Choice Properties Real Estate Investment Trust (TSX:CHP.UN) says its fourth-quarter results were in line with its IPO forecasts last summer.
It had an adjusted profit of $36.8-million – above a forecast of $34.6-million when Choice prepared its initial public offering.
Its funds from operations, another key financial measure for real estate companies, $82.8-million – compared with the forecast of $78.9-million.
Choice said the better than forecast FFO was driven by the acquisition of investment properties during the quarter and savings from general and administrative expenses.
Under standard accounting, Choice recorded a $6.5-million net loss due to a $112-million negative adjustment for the fair value of its exchangable units, which were not included in the IPO forecast.
The negative adjustment was partially offset by a $68.8-million gain on the fair value of its investment properties.
The real estate trust was spun off as a separate business last year by Loblaw (TSX:L), which remains its largest investor and tenant.

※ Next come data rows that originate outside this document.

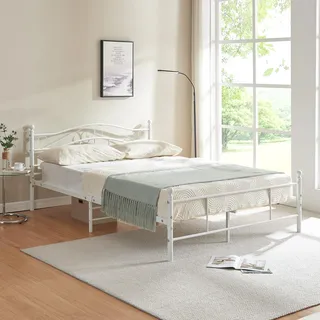 [en.casa] Metallbett Florenz 140x200cm mit Kopfteil Pulverbeschichtet Lattenrost Schlafzimmerbett Doppelbett Bett Weiß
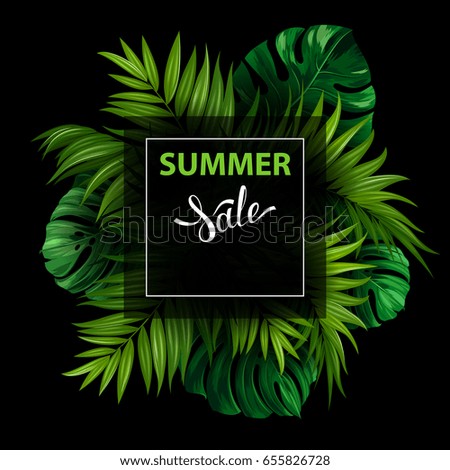 Sale banner with green tropical palm and monstera leaves on the black background. White lettering on the summer poster.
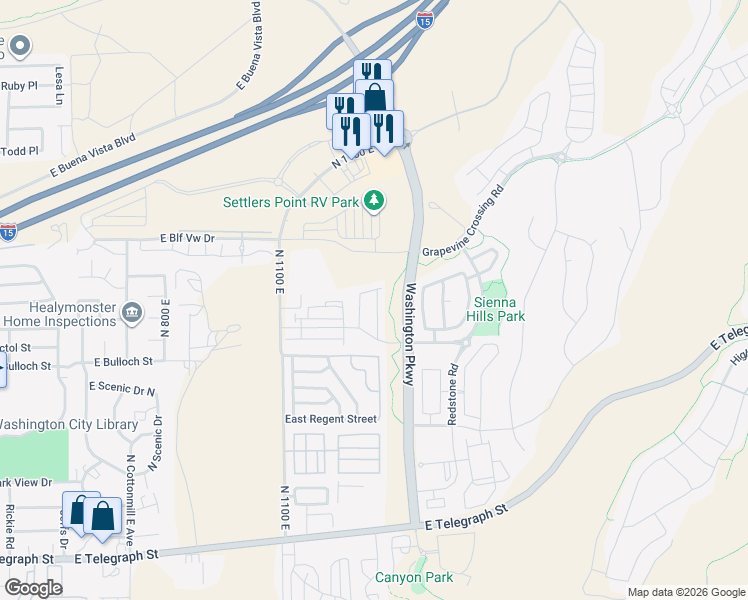 map of restaurants, bars, coffee shops, grocery stores, and more near 553 Ventura Lane in Washington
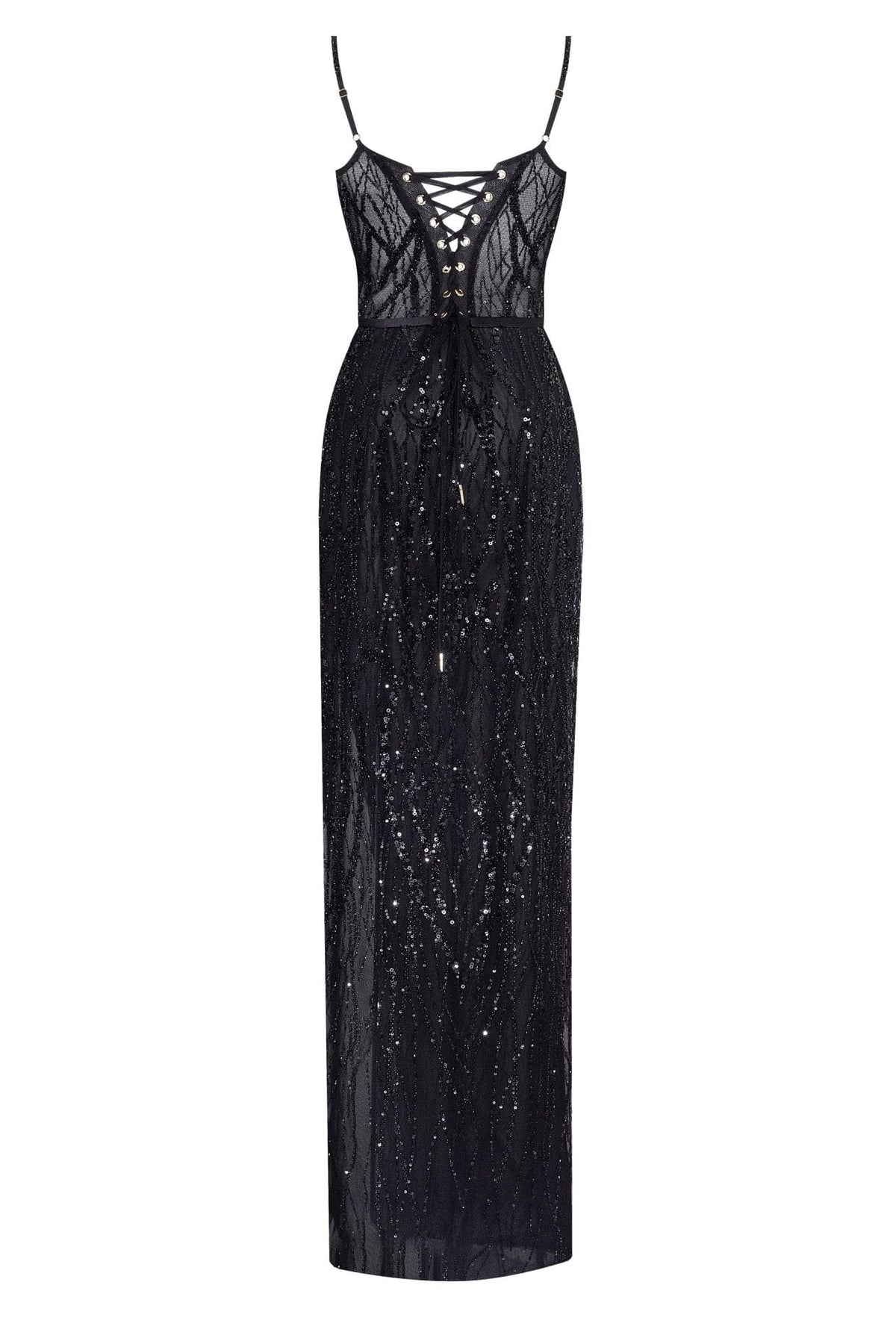 Stevie Black Dress with Sequin Mesh and Fine Straps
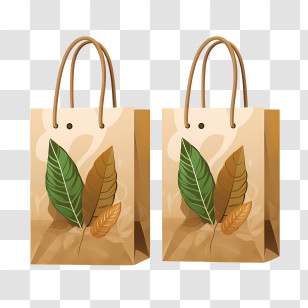 Kraft Paper Bag - Eco-Friendly Paper Bags With Leaves Transparent PNG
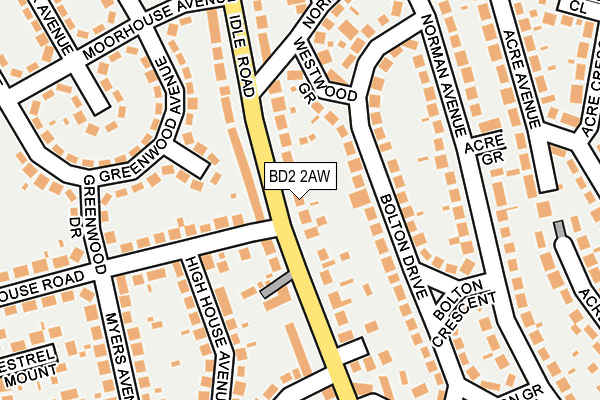 BD2 2AW map - OS OpenMap – Local (Ordnance Survey)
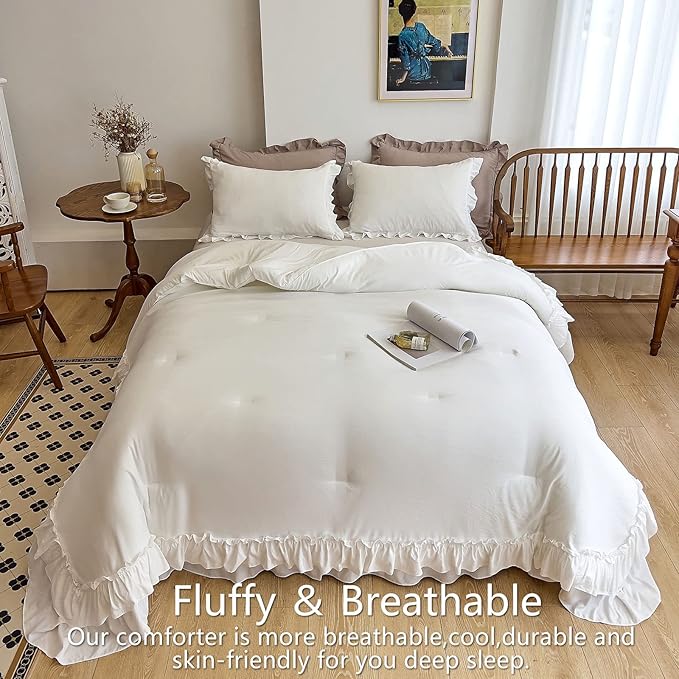 AIKASY White Comforters Twin Size Set, Vintage Boho Chic Farmhouse Bedding Sets Shabby Ruffle Queen Bed Comforter Bedding 3PCS（1 Comforter and 2 Pillowcases）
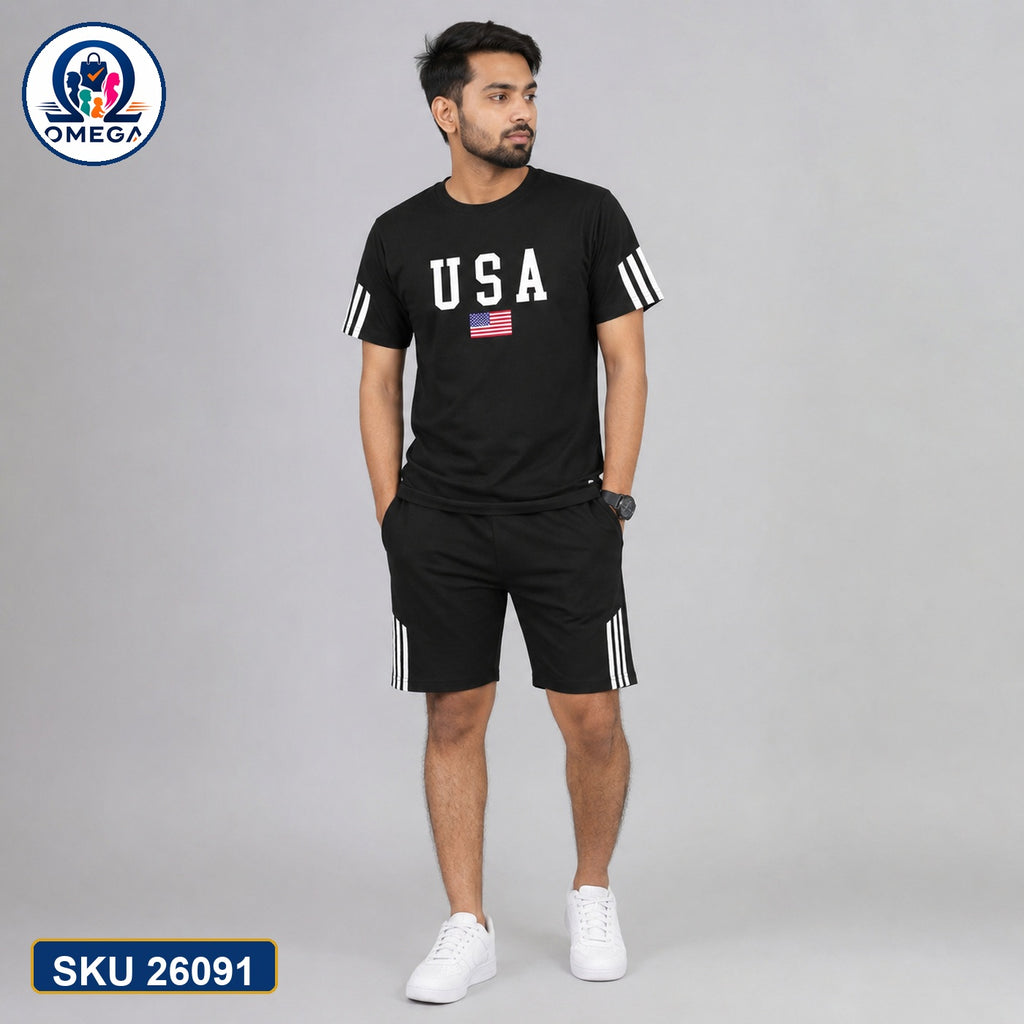 Mash T-Shirt and Shorts Combo Black USA Flag Bangladeshi model preview | OmegaBD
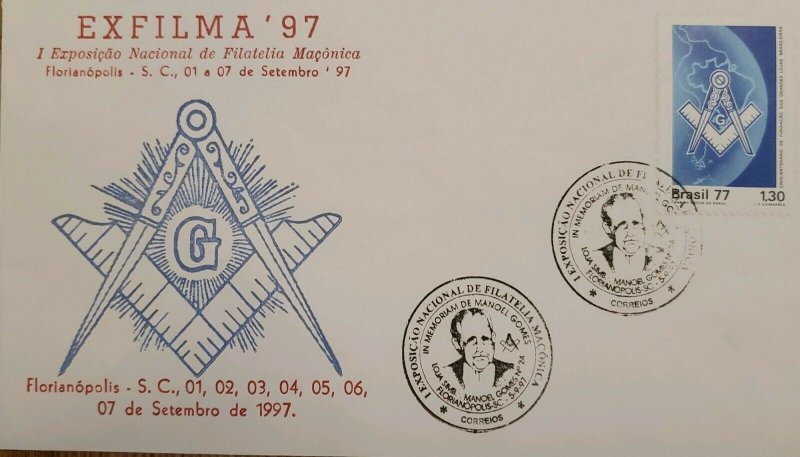 A) 1977, BRAZIL, FREEMASONRY, I NATIONAL EXHIBITION OF MASONIC PHILATELY, FLORIA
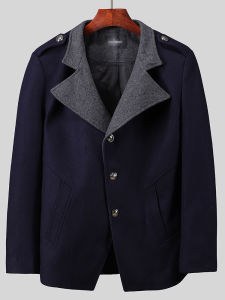 Nam Len Vải Nhung Kẻ Áo Khoác Dày Thoải Mái Phong Cách Doanh Nhân Chiều Dài Vừa Phải Ve Áo Cúc Áo Một Hàng Áo Gió K20140 Dành Cho Mùa Thu Mùa Đông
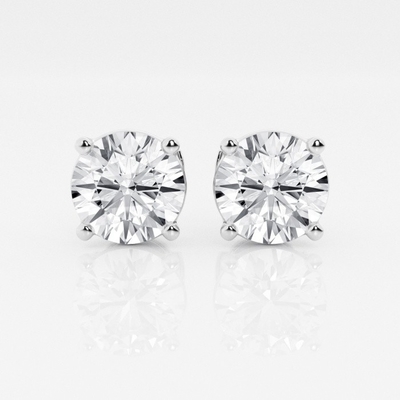 4 pazury kolczyki AU750 CVD DEF VS VVS okrągłe diamenty syntetyczne z laboratorium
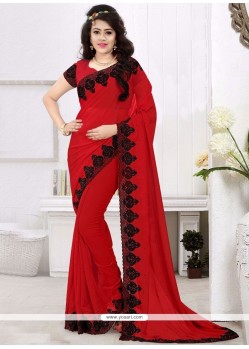 Magnetize Faux Georgette Embroidered Work Saree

Its units began trading in July after selling about $400-million of equity through its initial public offering.
The units closed Friday at $10.45, up from the July 5 opening price of $9.95 when public trading began and up from the IPO price of $10.
Loblaw’s parent, George Weston Ltd. (TSX:WN), indirectly purchased 20 million units for $200-million, representing a 5.6 per cent interest.
At the time of the spinoff, Choice had 415 retail properties, one office complex and nine warehouse properties totalling 35.3 million square feet of gross leasable area.
During the fourth quarter, Choice acquired 12 additional properties for $186-million.